My files seem to work fine but it turns out that makepkg didn’t even create the final packages. It doesn’t give any error message for not being able to generate the packages.

I gave up on creating arch from gentoo for now

Since an image of parabola was released I will use that one if it works.

I was able to mount it and retrieve the rootfs. I have no interest in a vm, I rather use the real thing.

Mounting it is not a big deal as long as you are familiar with the type of image
Just in case you would have issues, here are the commands needed as root to get the rootfs into an xz compressed file

modprobe nbd max_part=8
qemu-nbd --connect=/dev/nbd0 parabola-riscv64.qcow2
mkdir rootfs
mkdir images

mount /dev/nbd0p1 rootfs
cd rootfs/

tar cvfJ …/images/parabola-20210621.tar.xz *

I hope to be able to use this and chroot on it.
Once I get it working on the beaglev with the correct kernel I will see if I can replace systemd with openrc.

One thing that I have noticed is that the lib directories are not handled the same way as on gentoo.
I do have archlinux on my ryzen computer but find gentoo to be faster so that is my main work system. I do use archlinux at work, I didn’t want to spend the time needed for gentoo…

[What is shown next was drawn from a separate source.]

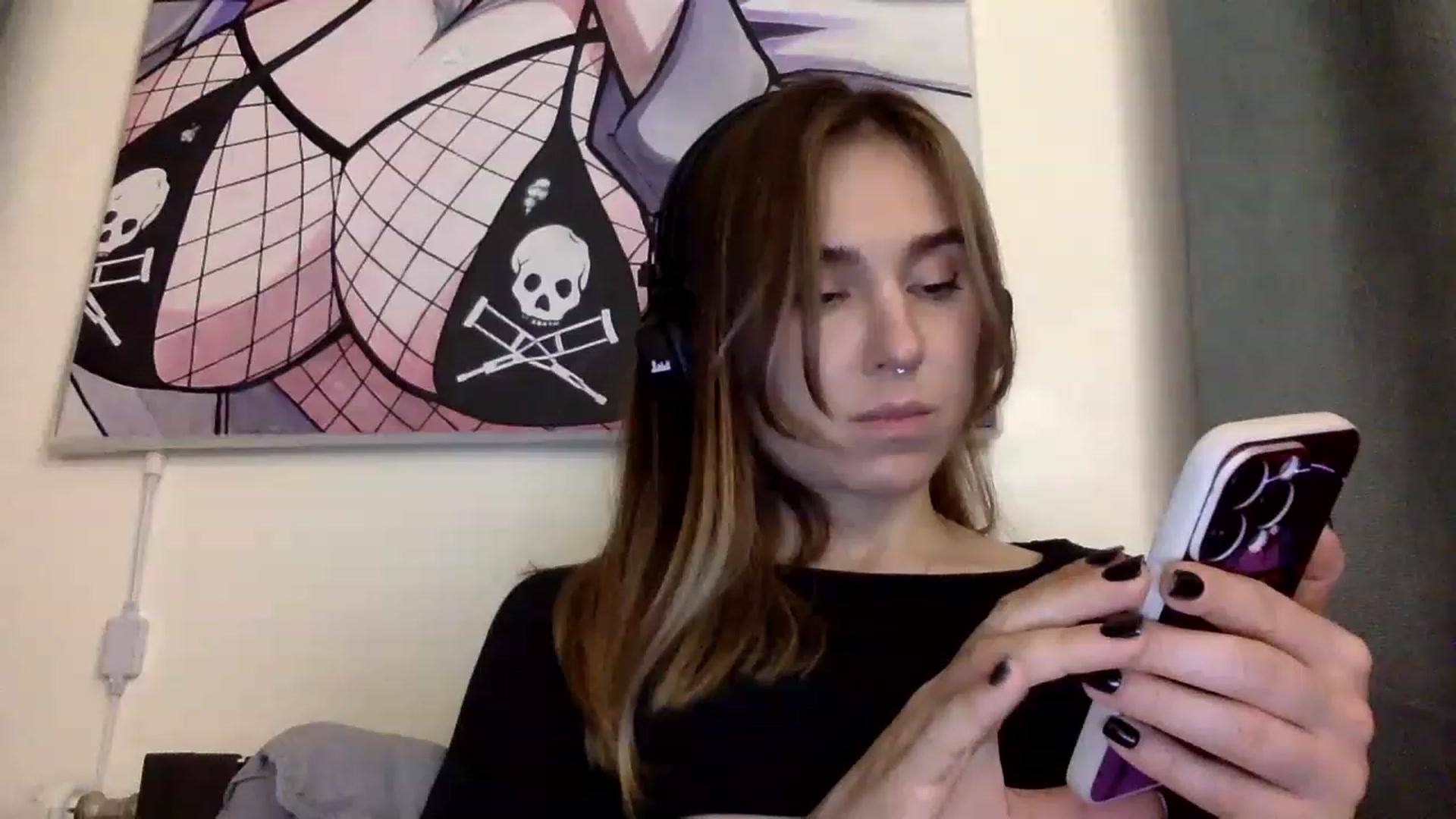 Gallery image thumbnail from EgoisticPuss's myfreecams stream on, 05/26/2023, 19:24 image 2 of 20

For embedded systems I often prefer archlinux, that is what I use on my beaglebone black boards.

On gentoo /lib and /usr/lib are different directories as well as /lib64 and /usr/lib64
/lib64 as well as /usr/lib64 used to not have any files but a directory called lp64d or lp64 depending on whether you want hard to pass arguments in FP registers or not
Recently the gentoo maintainer(s) have changed this so you get lp64d → . or lp64 → . and the library are on the lib64 directories

On this it looks just like on my Ryzen computer,

lib → usr/lib
lib64 → usr/lib
usr/lib64 → lib

So my question to the parabola maintainer(s), which protocol is used for your system, lp64d or lp64?

I guess I could figure out eventually

Michel, perhaps this should be in a different thread as your question is about a specific version of a specific OS and not a general purpose “monitoring” query . Perhaps a question directly to the Parabola team can help you with your port.

There’s really no reason to make a distinction for 64 bit on RISC-V Linux. TPTB have already said that 64 bit is the floor. A 32 bit Linux abi and official kernel just won’t exist. K210 is probably the wimpiest RISC-V Linux system we’ll see. Similarly, on any Linux for RISC-V, you can count on hardware FP.

I was able to chroot and install a few applications. So it looks good so far.
If I can create packages then that it will be a good platform work with.